YeShore Manual

YeShore‘s rules are not ‘preflight’ rules per se – they’re design rules, they’re about ‘during-design’ checking rather than ‘pre-flight’ (pre-output) checking. However, the InDesign CS4 Live Preflight engine is the ideal environment to implement these rules.

Unlike the built-in rules, the YeShore rules main aim is not to verify whether the document can be output. We leave that up to professional preflight solutions like Markzware’s FlightCheck or InDesign’s built-in rules for Live Preflight. Instead, the YeShore design rules help you with various aspects of document design in a more-or-less structured environment.

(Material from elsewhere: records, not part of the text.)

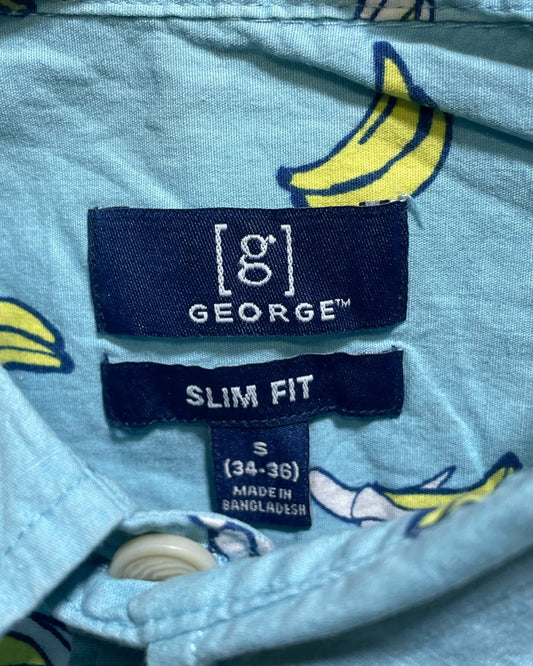 George Blue Cotton Shirt For Men S | Preloved Labels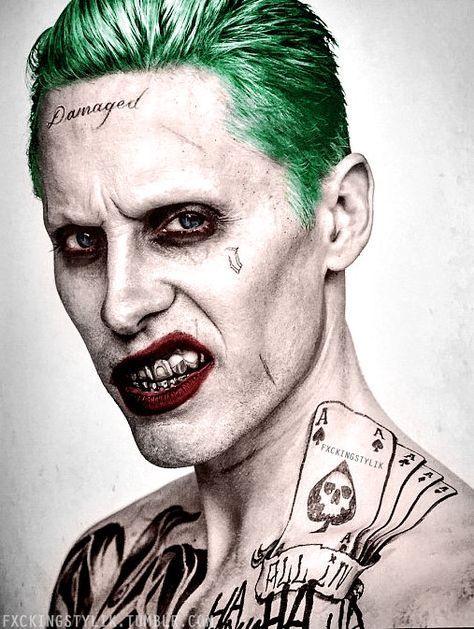 Image Joker, Joker Y Harley Quinn, Jared Leto Joker, Leto Joker, Der Joker, Joker Art, Joker Cosplay, Batman Joker, Maquillage Halloween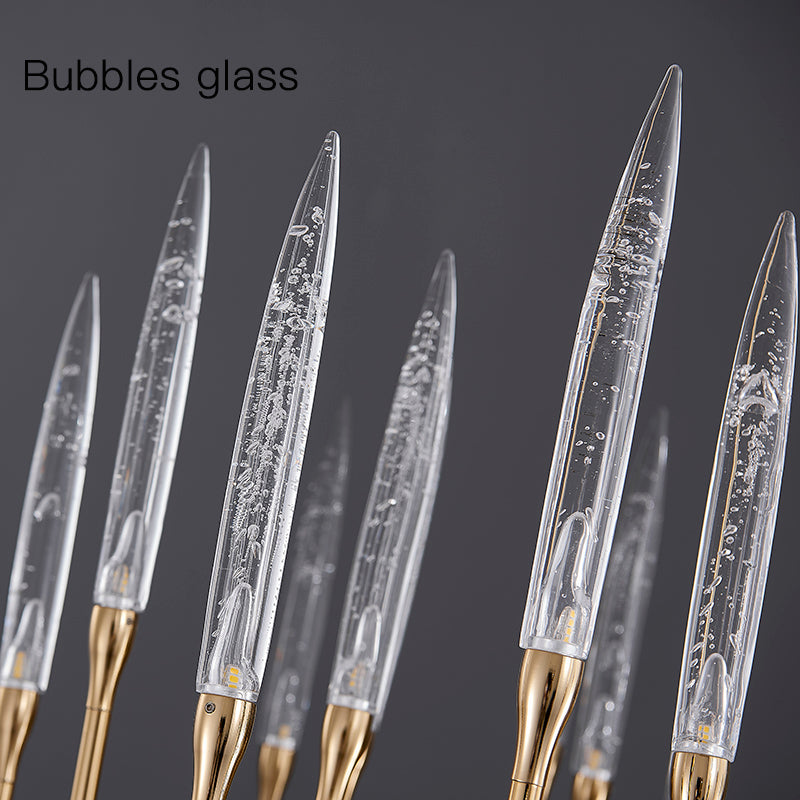 Reese Brass Glass chandelier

In the InDesign Preflight Panel, the YeShore design rules can be visually distinguished from built-in preflight rules by their name – YeShore rules will have  “… (Rorohiko)” appended to their name.

Take care in case of the following scenario

  • You embed a preflight profile that uses one or more YeShore rules into a document
  • You send the document with the embedded profile to someone else
  • The recipient will get a warning message (unless she also has the YeShore plug-in installed)

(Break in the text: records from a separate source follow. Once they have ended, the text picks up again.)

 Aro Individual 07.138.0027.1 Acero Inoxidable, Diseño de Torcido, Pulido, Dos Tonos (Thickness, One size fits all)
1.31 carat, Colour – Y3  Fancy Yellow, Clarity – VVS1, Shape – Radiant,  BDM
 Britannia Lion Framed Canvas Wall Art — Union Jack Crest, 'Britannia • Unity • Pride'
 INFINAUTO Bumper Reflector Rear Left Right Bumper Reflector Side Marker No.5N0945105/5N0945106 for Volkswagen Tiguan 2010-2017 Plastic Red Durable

In the scenario above, make sure the recipient knows what this warning message means, and does not get alarmed by it – the message is harmless, the document is fine.

Installation

To install, you will need to add three items to your InDesign plug-ins folder – two plug-ins and one .spln file. Quit or exit InDesign before beginning the installation.

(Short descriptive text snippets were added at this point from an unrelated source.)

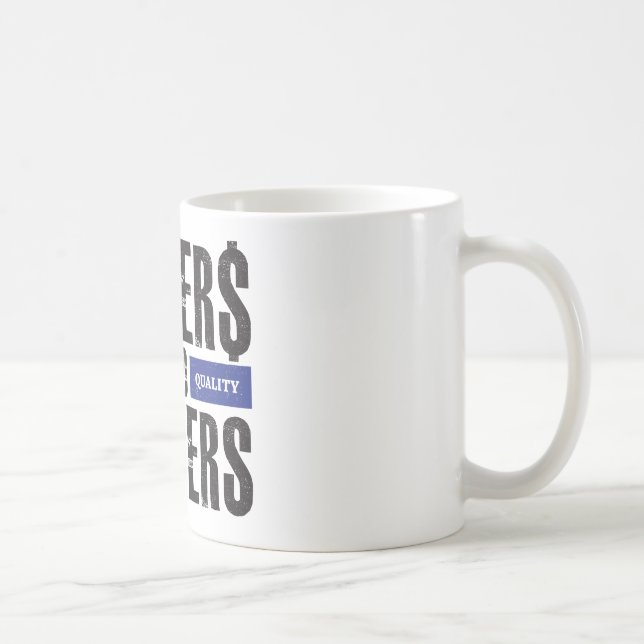Movers and Shakers - Blue Coffee Mug (Right)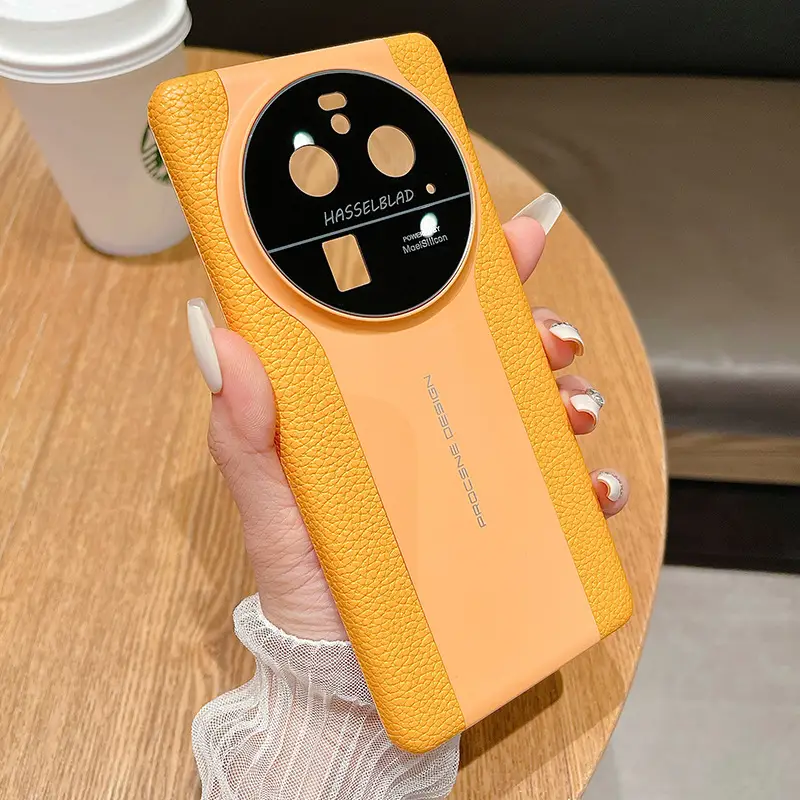Porsche Mobile Phone Case Red Litchi Drop Resistant - Image 8
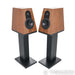 Qln Prestige 1 Bookshelf Speakers; Walnut Piano Pair with Stands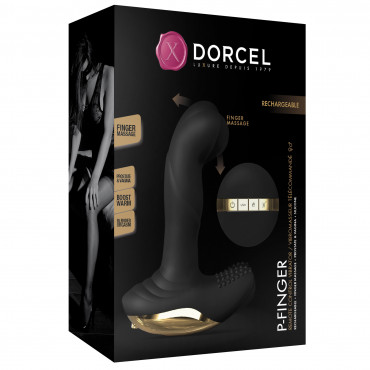 Vibromasseur télécommandé vaginal et anal DORCEL "P-Finger"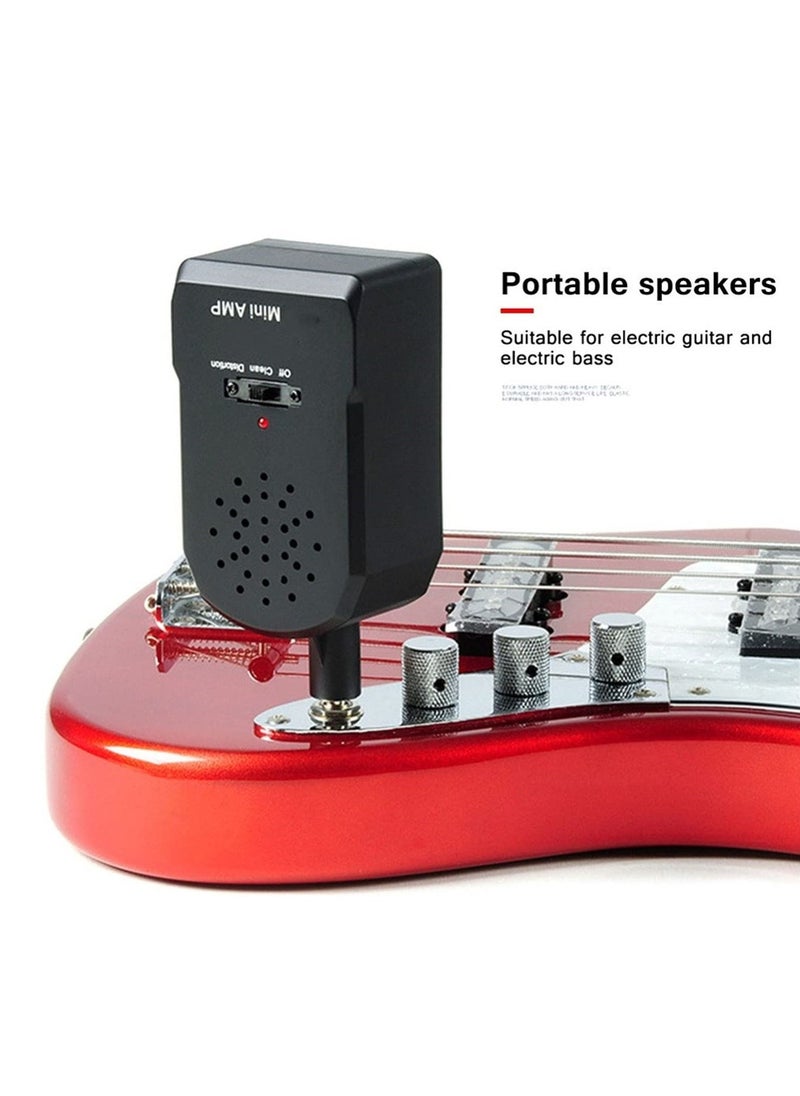 JA-01 Mini Guitar Amplifier AMP MP3 Input 3.5mm with Earphone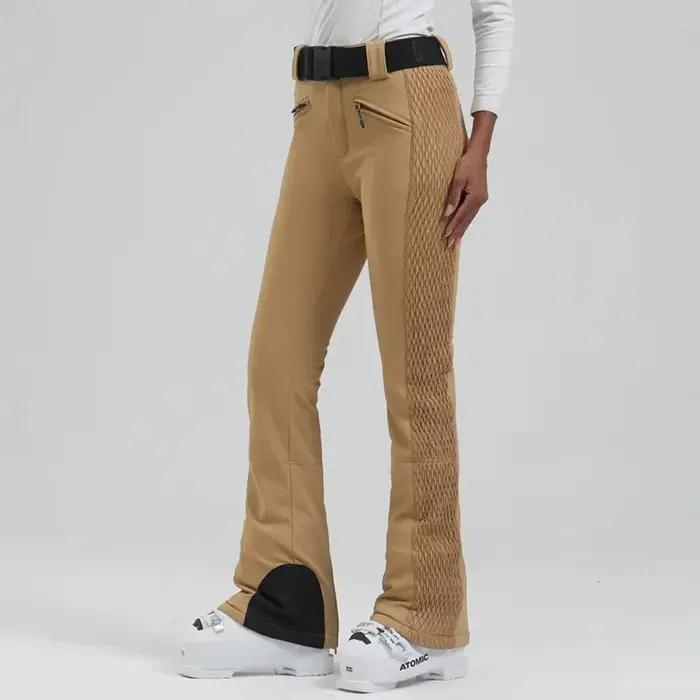 Pantalons de Ski femmes Sport Ski ensemble coupe-vent imperméable vêtements de neige montagne mince Snowboard porter en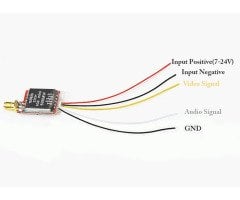 TS5828 5.8G 600mW 48CH Mini AV Verici FPV Görüntü Aktarıcı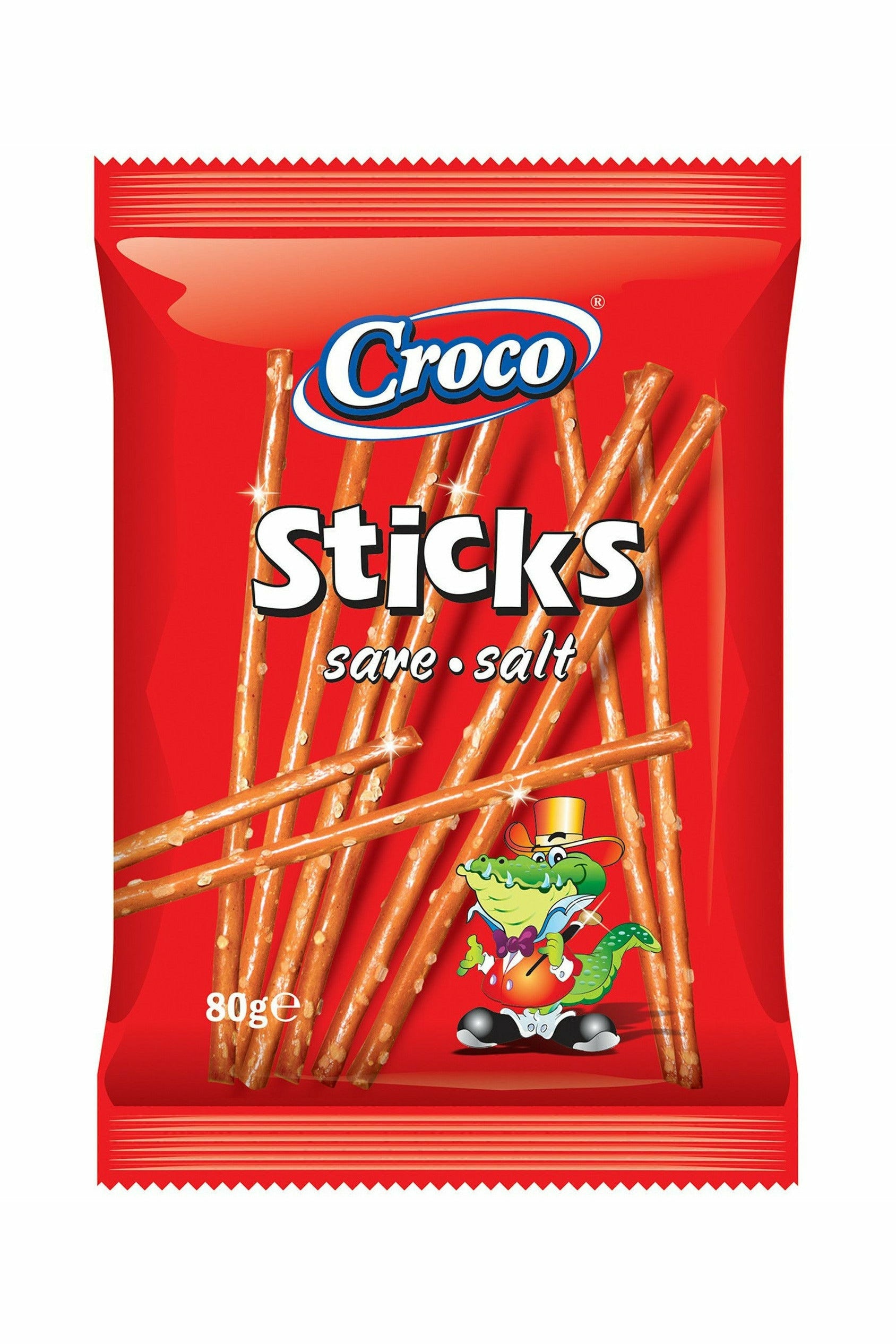 Salted Pretzel Sticks CROCO - 80g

Both downloads (YeShore and APID ToolAssistant) contain separate Windows and Macintosh versions – make sure to decompress and open the proper version for your computer.

You need to install the proper version of APID ToolAssistant. There are a fair number of different versions provided (Mac/Win/CS/CS2/CS3/CS4) and you need to make sure to pick the proper one – you need either the Mac or Windows CS4 version.

Move this plug-in into the InDesign Plug-Ins folder (or a subfolder thereof – in the sample screenshot I’ve used a folder called Rorohiko inside the Plug-Ins folder, which helps keep things tidy).

Second, you need to copy both the YeShore.spln as well as the YeShoreCS4.pln (Windows) or YeShoreCS4.InDesignPlugin (Mac) into the same folder as where you put the APID ToolAssistant plug-in.

Screen shot 2009-11-20 at 2.35.07 PM

Screen shot 2009-11-20 at 2.38.09 PM

Restart InDesign, and open or create a document.

In some cases, you might get a dialog from APID ToolAssistant asking you to purchase a license, or warning it is switching to Unlicensed mode. You should ignore these warnings – YeShore will run fine for the duration of its own demo period.

An interesting video with more info on Live Preflight in general can be found here:

http://www.adobe.com/designcenter/indesign/articles/lrvid4025_id.html

Rule List

Below a list of all the rules added to InDesign’s Live Preflight. As time permits, we’ll be adding ‘how-to’ cookbook scenarios to explain how to use these new rules – check this page every so often for new info!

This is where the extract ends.